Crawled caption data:

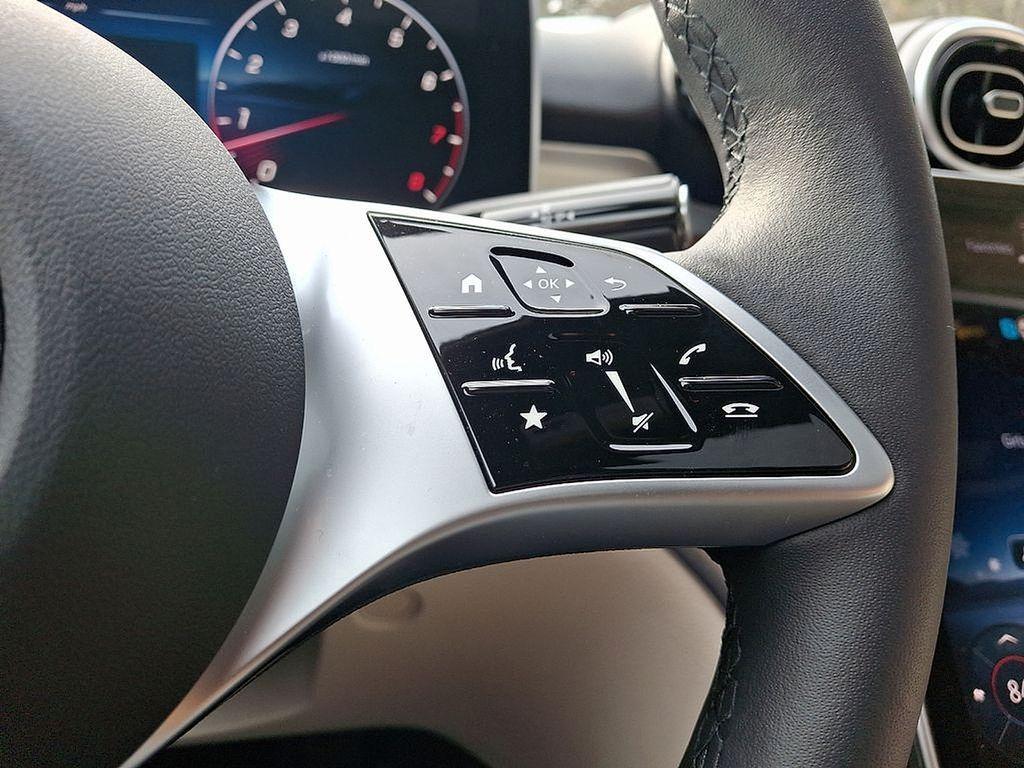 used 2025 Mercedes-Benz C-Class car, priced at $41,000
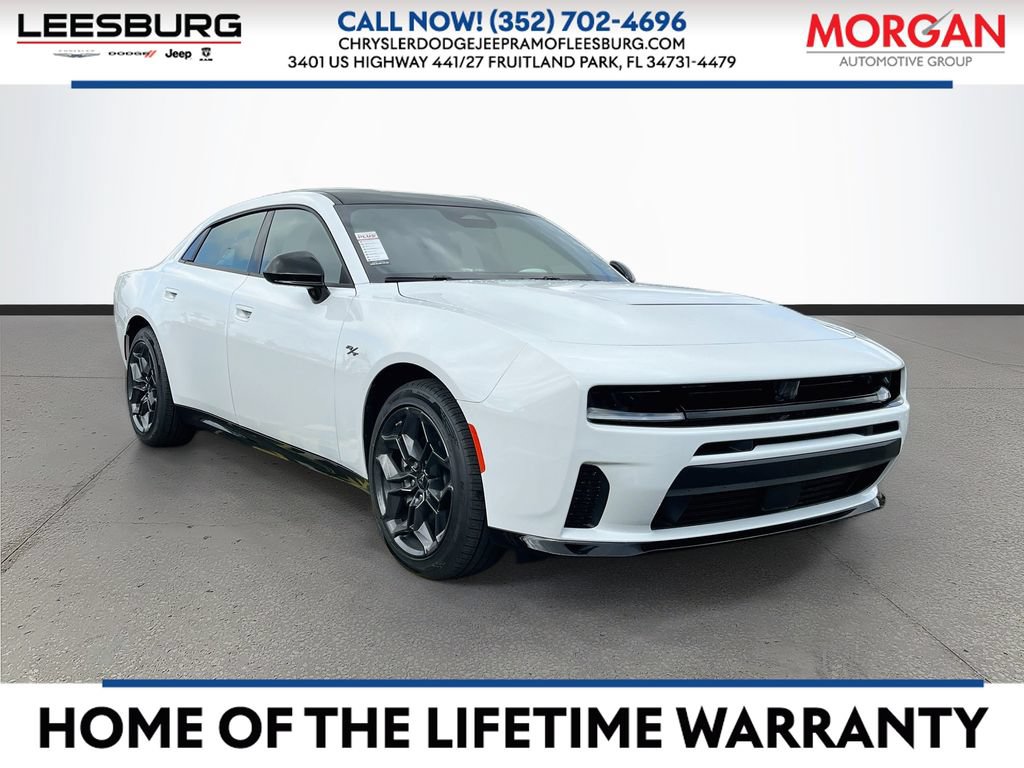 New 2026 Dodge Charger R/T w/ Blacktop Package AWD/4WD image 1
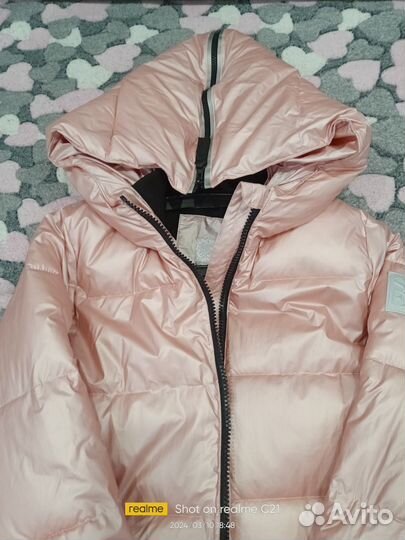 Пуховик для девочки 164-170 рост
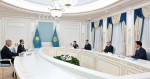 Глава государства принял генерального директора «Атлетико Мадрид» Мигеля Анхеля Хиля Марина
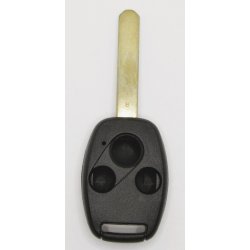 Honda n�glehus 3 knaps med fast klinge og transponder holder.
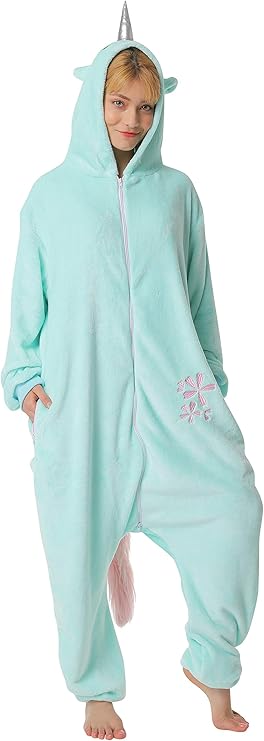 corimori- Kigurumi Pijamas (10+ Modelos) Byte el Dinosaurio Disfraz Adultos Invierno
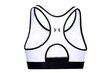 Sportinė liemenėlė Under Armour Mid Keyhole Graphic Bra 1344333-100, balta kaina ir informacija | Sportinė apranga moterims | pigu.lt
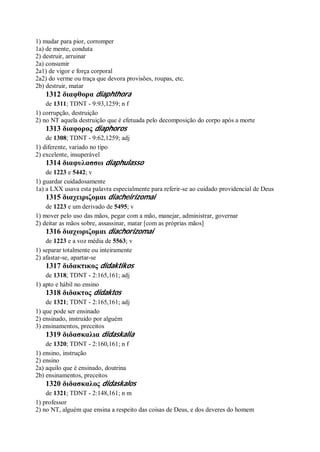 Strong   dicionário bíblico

* **Task directions**: Print again, exactly, the lines of the records above from the first line through the line with "Sportinė liemenėlė Under". No pictures.

* **Result of this task**:
 used 2025 Mercedes-Benz C-Class car, priced at $41,000
 New 2026 Dodge Charger R/T w/ Blacktop Package AWD/4WD image 1
 Пуховик для девочки 164-170 рост
 Глава государства принял генерального директора «Атлетико Мадрид» Мигеля Анхеля Хиля Марина
 Honda n�glehus 3 knaps med fast klinge og transponder holder.
 corimori- Kigurumi Pijamas (10+ Modelos) Byte el Dinosaurio Disfraz Adultos Invierno
 Sportinė liemenėlė Under Armour Mid Keyhole Graphic Bra 1344333-100, balta kaina ir informacija | Sportinė apranga moterims | pigu.lt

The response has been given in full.